People from all walks of life participate here. There are black executives, black merchants, black housekeepers, black students, white executives, white merchants, white housekeepers, white students, and people from many other walks of life. All of them come to The Landmark Forum as a result of hearing from their respective family members, colleagues, and friends who have recommended it to them. To be the meeting place where people come and take part in a three-day training program – with people that they would not normally talk to or associate with in their lives – really has you stand back and rethink what you had previously considered possible.
It’s not often that you get to see black and white people speaking openly with each other in the same room about how apartheid occurred for them. It’s not often that you see these two groups of people asking each other for forgiveness and each group taking responsibility for what occurred. I have never experienced something so moving. If 200 South Africans could operate that way together, what could be possible for the rest of South Africa?
Every time we have a Landmark Forum, I see and believe that South Africans can operate outside the paradigms that we’ve lived inside of for many years.
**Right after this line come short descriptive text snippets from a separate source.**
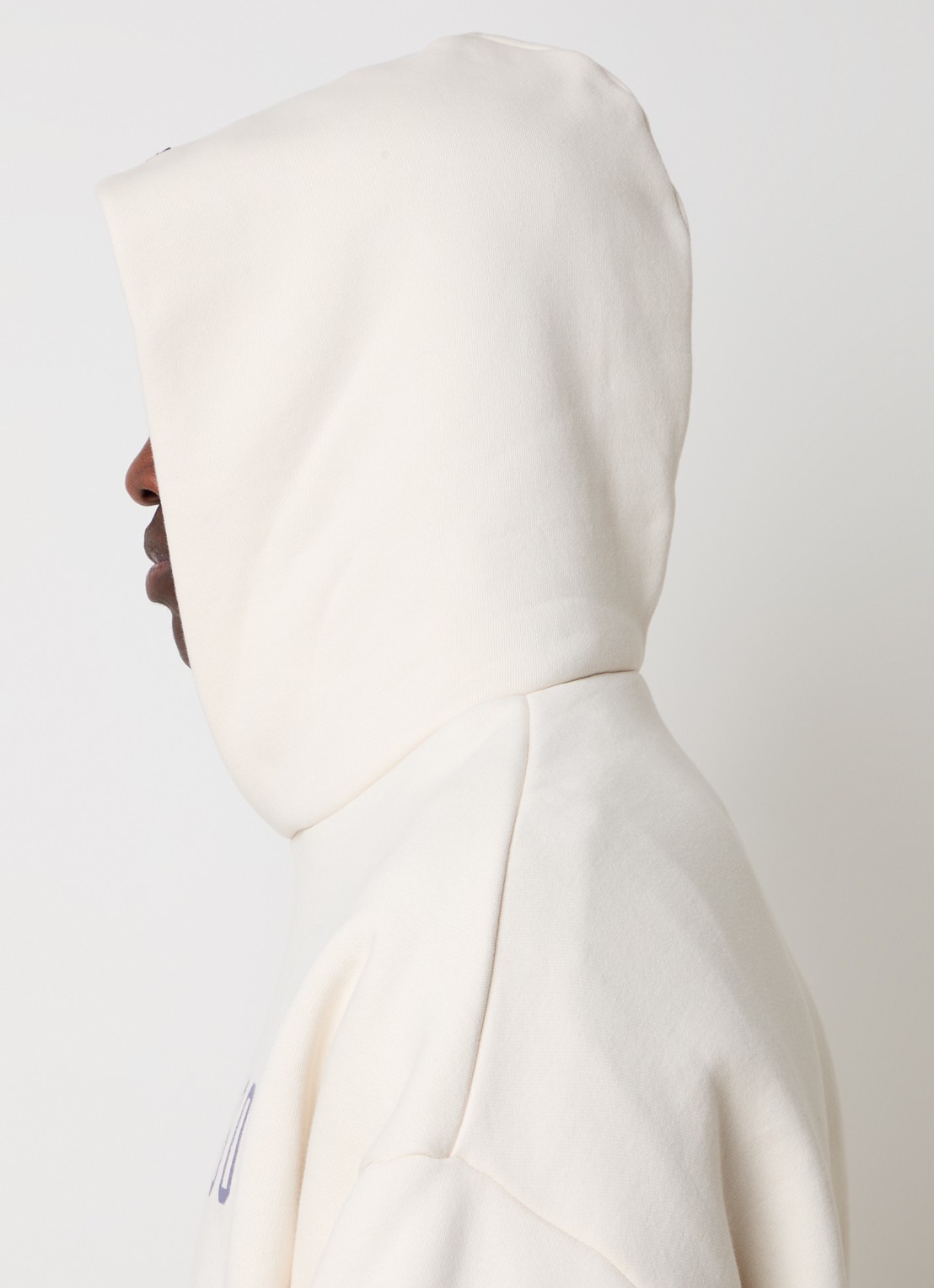 Fear of God Essentials Hoodie met logoprint - detail 3 creme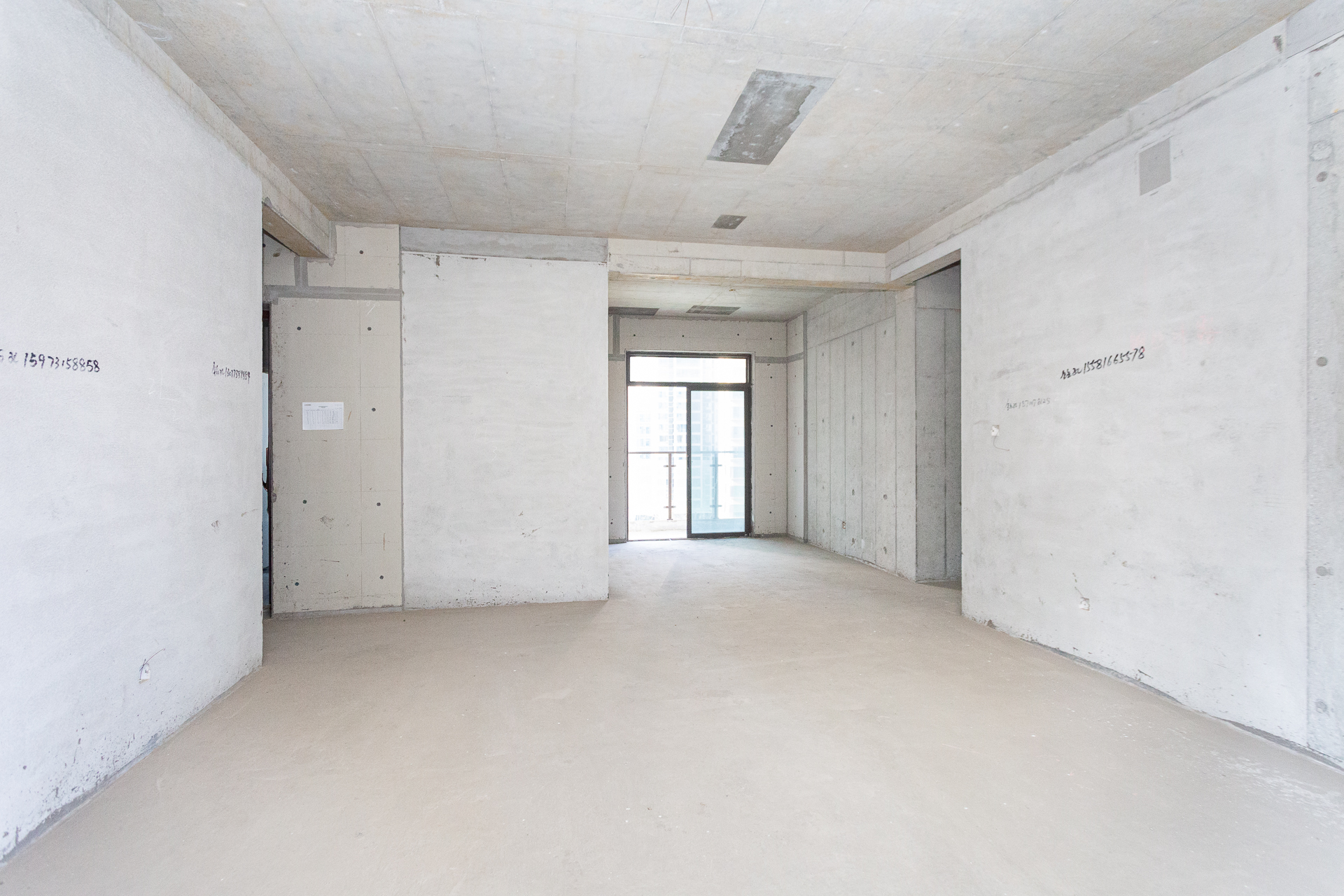 润和湘江天地AB区 4室2厅2卫 185.0万 润和湘江天地AB区 4室2厅2卫 185.0万客厅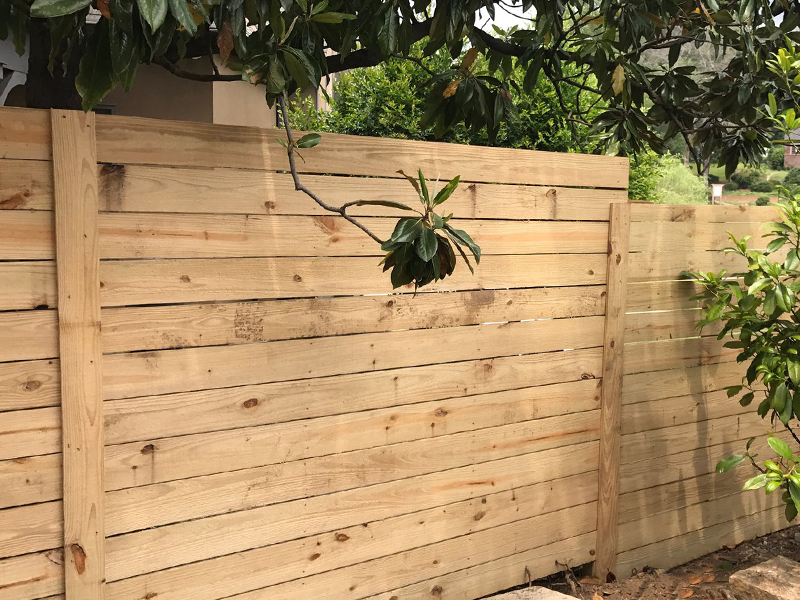 Hoover Al horizontal style wood fence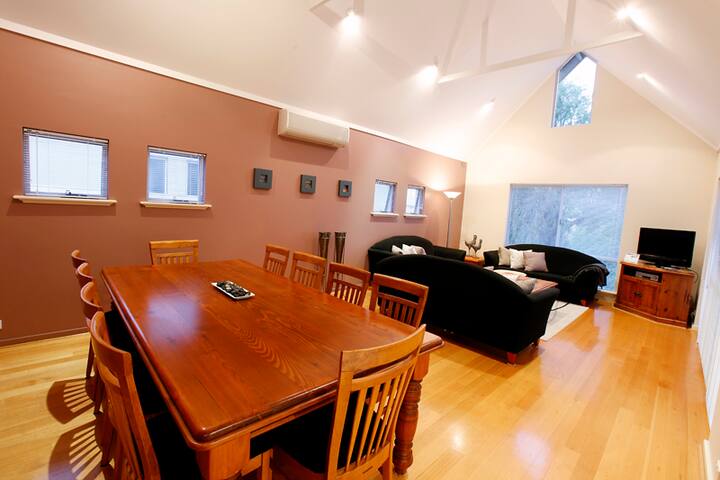 Waterfront Dunsborough House 11 gallery image 4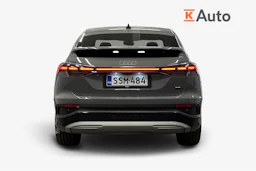 harmaa Audi Q4 e-tron 2026 kuva 4.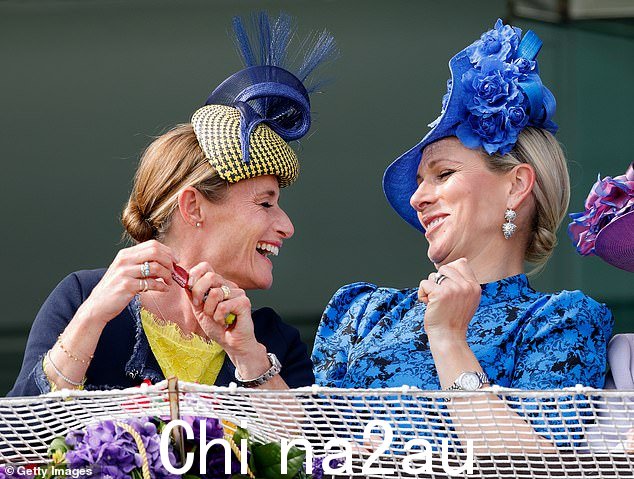 NHS 助产士 Dolly Maude,51 岁(左)是 Zara Tindall 的密友,现在将成为皇家公主的侍女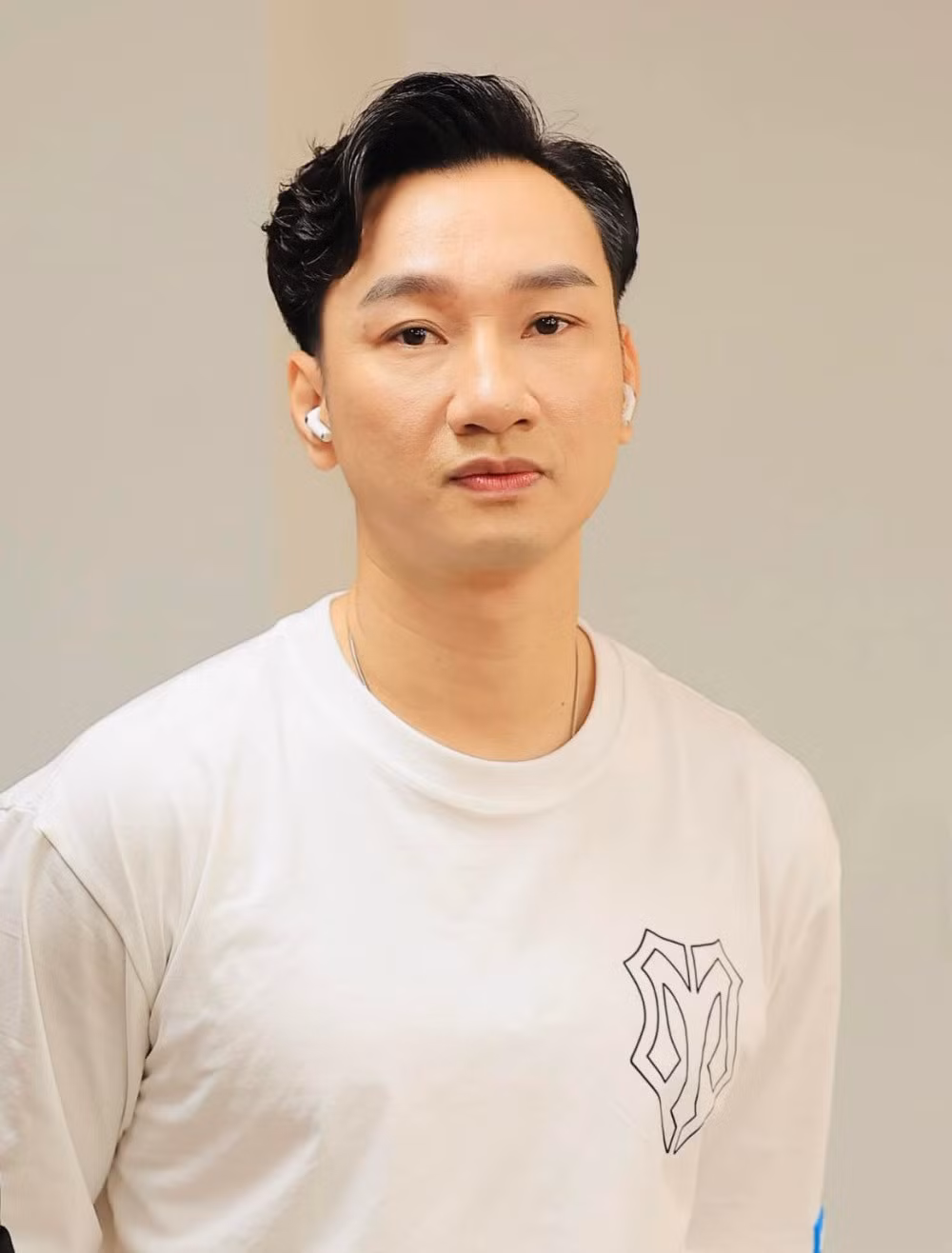 MC Thành Trung thể hiện khả năng trình diễn, ca hát khi tham gia “Anh trai vượt ngàn chông gai“. Ảnh: Nhà sản xuất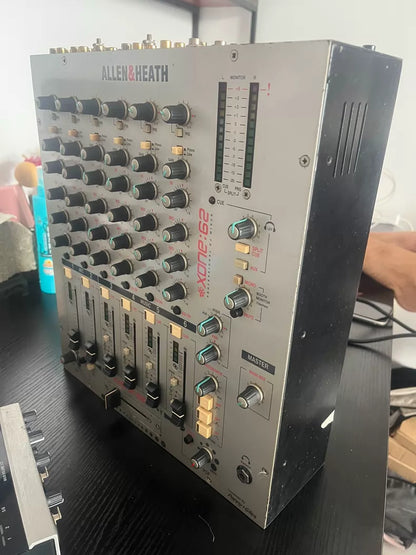 Allen & Heath Xone:62 DJ Mixer – source photograph 7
I have led many introductions to this work in black townships, corporate environments, and individuals’ homes. I see the people here as hungry for what’s possible – this work provides not only for them and their families, and for the world on a much grander scale.
On a personal note, I want to share about my relationship with my father. For many years, I had made him wrong and was angry with him because of things that had happened in my childhood. I always felt that he was against me and I blamed him for my mother’s death several years earlier.
Shortly after my participation in The Landmark Forum, I came to see that actually I hadn’t been responsible in my life and had been assigning the cause to him. I’m not sure that the decisions I made and where I was heading in my life would ever have changed had I not taken The Landmark Forum.
Now I have a remarkable relationship with my father and see that the entire period growing up all he ever wanted to do was contribute to me and love me, but he didn’t have the skills or wherewithal to communicate that in a way that was recognizable to me. We now really enjoy each other’s company and enjoy an extraordinarily satisfying relationship.